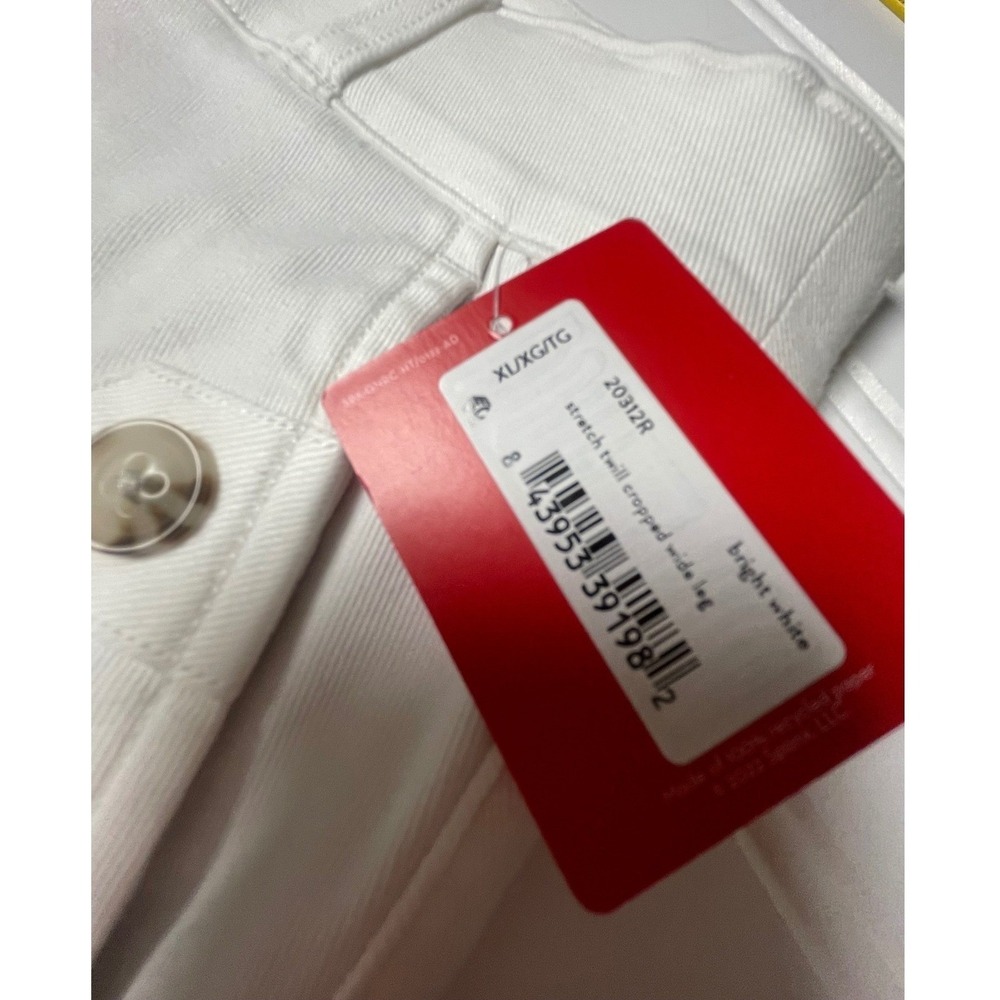 Spanx Stretch Twill Bright White Cropped Wide Leg Pants Women's XL - Picture 8 of 13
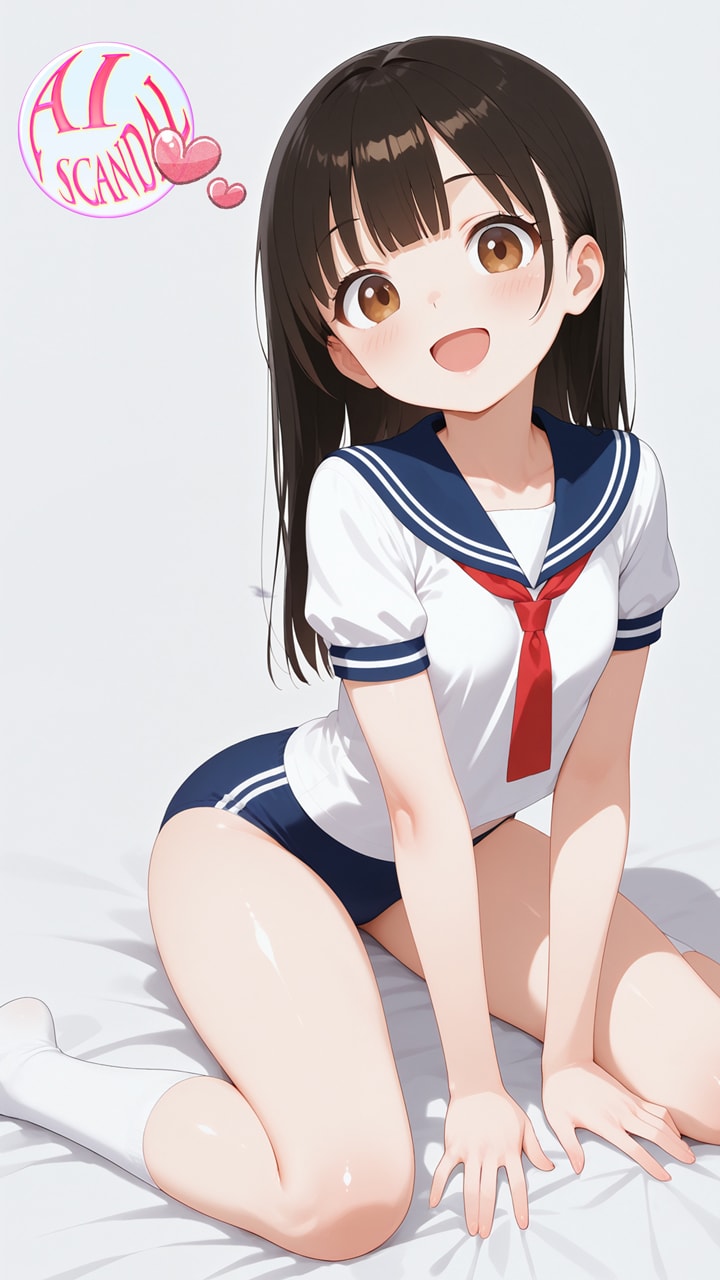 彼女とと二人っきりの秘密の時間 vol.1 つるぺた×制服×ブルマ | の人気AIイラスト・グラビア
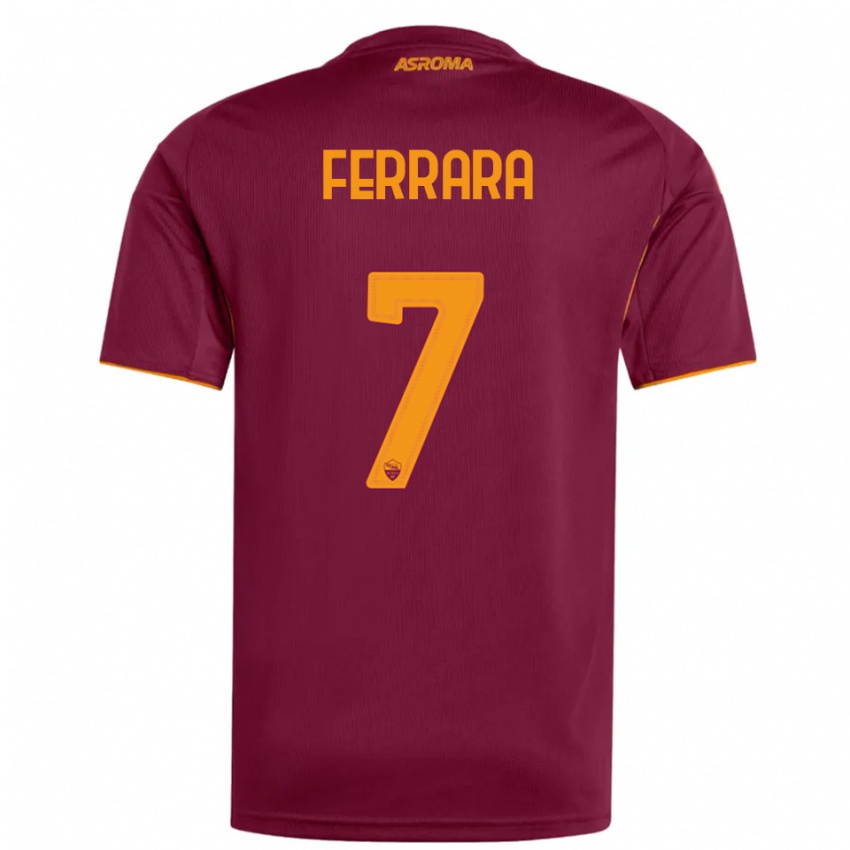 ילדים Francesco Ferrara #7 בורגונדי כתום ג'רזי ביתית 2025/26 חולצה קצרה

▶ _WORK REQUEST_: Where images occur in the data above, leave them out and repeat everything else exactly.

▶ _EXERCISE ANSWER_:
 Spanx Stretch Twill Bright White Cropped Wide Leg Pants Women's XL - Picture 8 of 13
 彼女とと二人っきりの秘密の時間 vol.1 つるぺた×制服×ブルマ | の人気AIイラスト・グラビア
 ילדים Francesco Ferrara #7 בורגונדי כתום ג'רזי ביתית 2025/26 חולצה קצרה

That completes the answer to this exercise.